• [What the task asks]
Retype the listing below exactly, beginning at the line that contains "St Michaels Church, built" and ending with its last line.
──────── Input records ────────
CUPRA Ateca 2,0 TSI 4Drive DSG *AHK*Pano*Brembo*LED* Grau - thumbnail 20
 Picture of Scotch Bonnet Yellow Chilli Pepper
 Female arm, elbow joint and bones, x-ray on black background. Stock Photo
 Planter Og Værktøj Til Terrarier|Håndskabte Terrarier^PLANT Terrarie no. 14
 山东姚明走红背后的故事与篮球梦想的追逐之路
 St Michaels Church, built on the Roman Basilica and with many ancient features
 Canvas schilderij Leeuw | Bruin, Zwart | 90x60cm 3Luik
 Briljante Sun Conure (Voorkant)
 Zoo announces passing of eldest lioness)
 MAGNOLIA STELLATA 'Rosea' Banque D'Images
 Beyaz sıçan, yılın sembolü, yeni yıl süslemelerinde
────────
• [Reply]
 St Michaels Church, built on the Roman Basilica and with many ancient features
 Canvas schilderij Leeuw | Bruin, Zwart | 90x60cm 3Luik
 Briljante Sun Conure (Voorkant)
 Zoo announces passing of eldest lioness)
 MAGNOLIA STELLATA 'Rosea' Banque D'Images
 Beyaz sıçan, yılın sembolü, yeni yıl süslemelerinde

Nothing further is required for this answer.